Listen to Part 2:
Click here to listen to Part 1 of our conversation with Michele Merkel.
This week on Rootstock Radio, host Theresa Marquez continues her conversation with Michele Merkel, co-director of the legal arm of Food and Water Watch. This is the second part of a two-part interview, so if you haven’t heard part one yet, you can listen to it here.
Today, Michele and Theresa discuss the importance of political involvement for the health of our planet, the quality of our food, the cleanliness of our water, and so much more.
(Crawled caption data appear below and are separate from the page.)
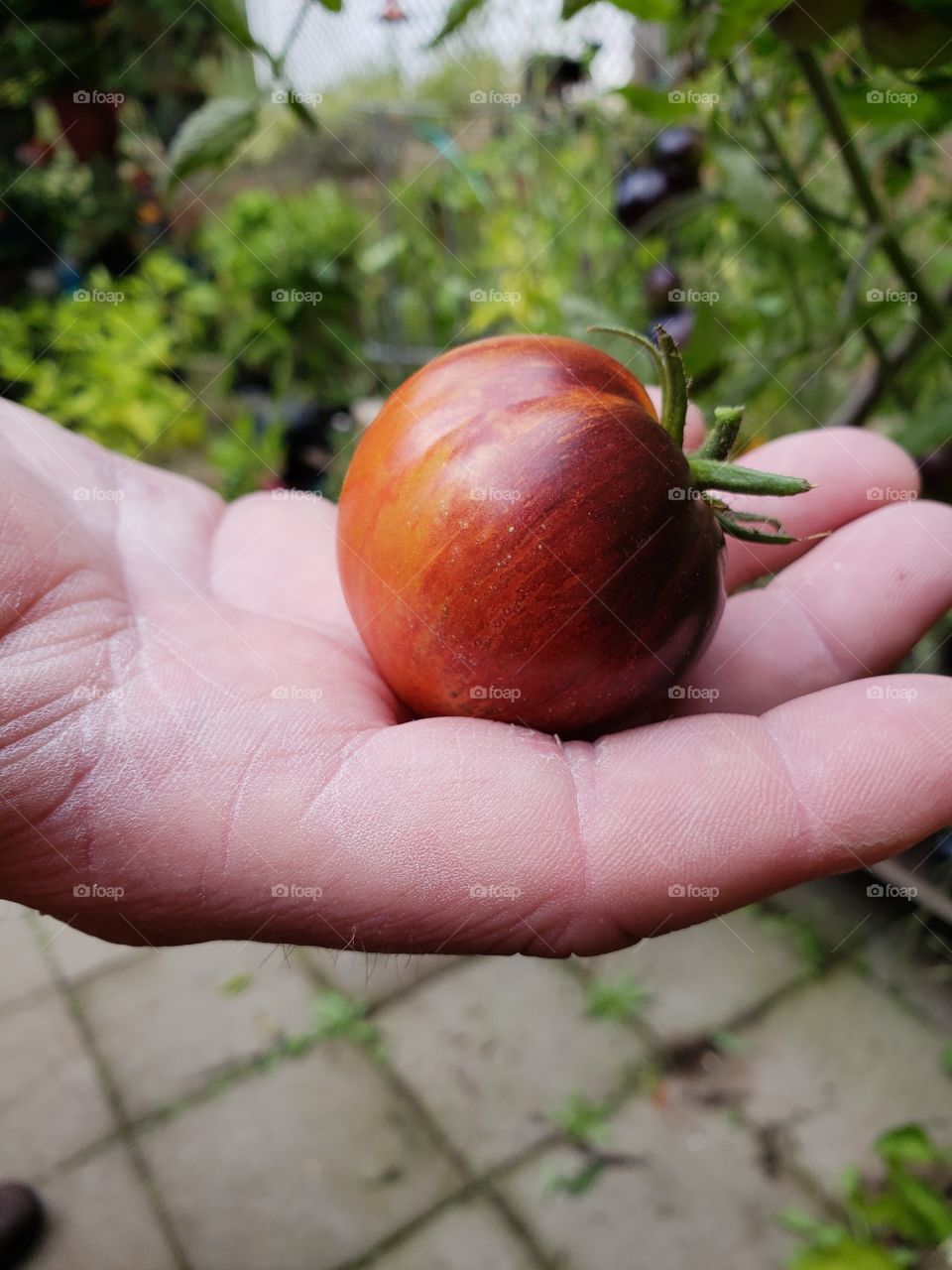 Galaxy tomato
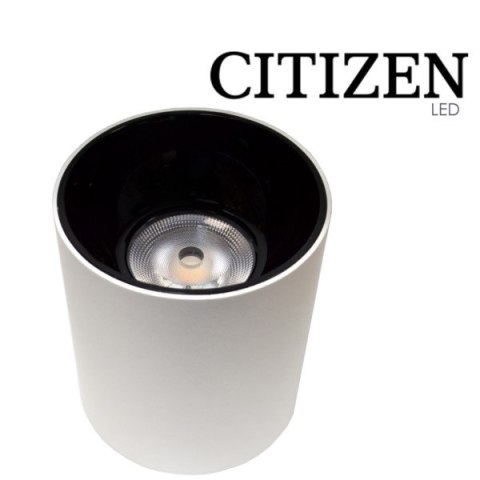 Downlight led Triad 40W IP65 4000K natynkowy biały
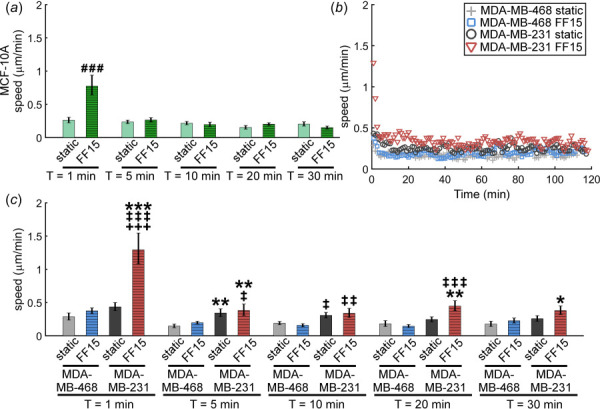 Breast cancer cell migration speed is dependent on metastatic potential, shear stimulation, and time after shear. (a) MCF-10A exhibited low response to flow stimulation with only an increase in cell speed at shear onset. (b) and (c) The MDA-MB-231 line may exhibit characteristics related to increased metastasis by migrating significantly faster than MDA-MB-468. The greatest speed of the MDA-MB-231 line was seen at shear onset with the speed decreasing until reaching a rather constant value after about 30 min. #: comparison with MCF-10A static. *:comparison with MDA-MB-468 static. ‡: comparison with MDA-MB-468 FF15. +: comparison with MDA-MB-231 static. Other comparisons did not reach statistical significance. Single, double, and triple symbols represent p < 0.05, p < 0.01, and p < 0.001, respectively.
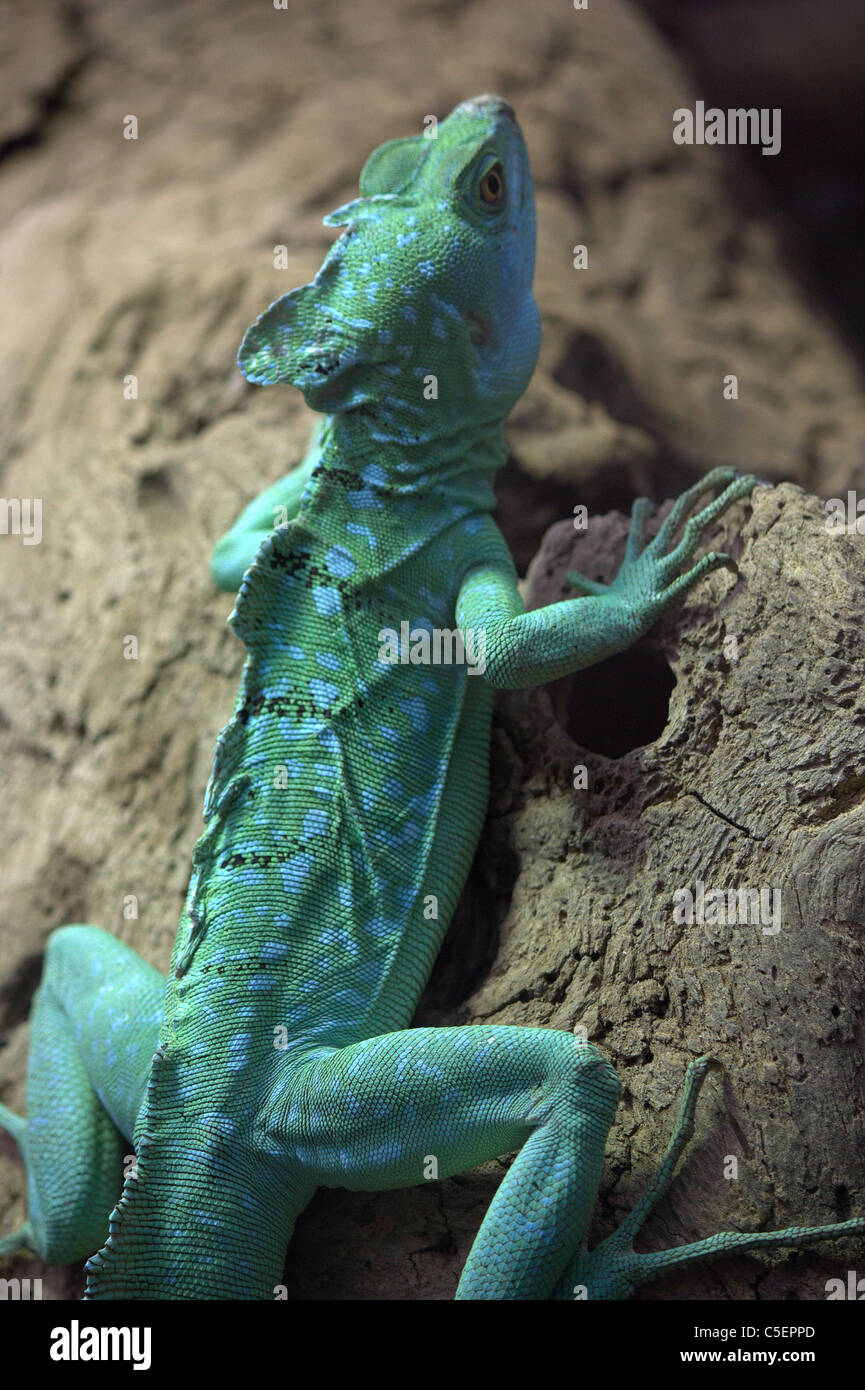 Eidechse (Reptil) grün und blau im Zoo von Bristol gesprenkelt Stockfoto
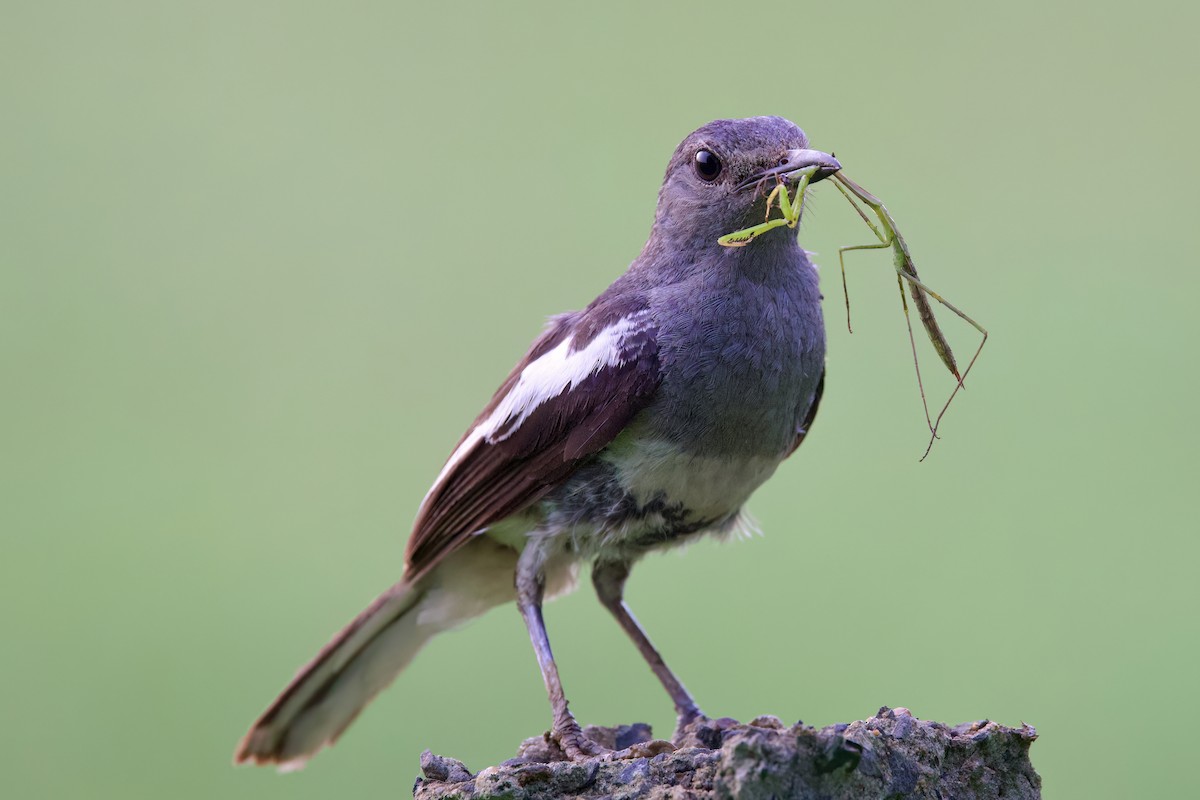 Oriental Magpie-Robin - Sourav Mandal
“Everyone should be voting for sure, but in between elections I think people should be really trying to engage their elected officials, and making food and water issues a priority for them,” says Michele. She believes that participation in democracy is more crucial now than ever before. “Profits shouldn’t take priority over people,” she emphasizes, continuing, “it’s the government’s job — even though corporations have a role to play in our society — to regulate them [corporations] in a way that our water and our food is being protected.”
Michele and Theresa also talk about the increasing importance of building “coalitions that are as broad as possible.” That is, fostering collaboration between environmental groups, labor and justice-focused organizations, internationally-focused organizations and other movements that are similarly connected. Michele feels that people are starting to get more traction when they link things like environmental concerns with agriculture contributions, or fracking concerns with climate change, and that this intersection could be a key to enacting positive change in our world.
So what’s the bottom line on food and water? “Everyone needs it. Everyone,” says Michele. And, she adds, “If you eat, you have a stake in our food system. So everyone has the right to engage.”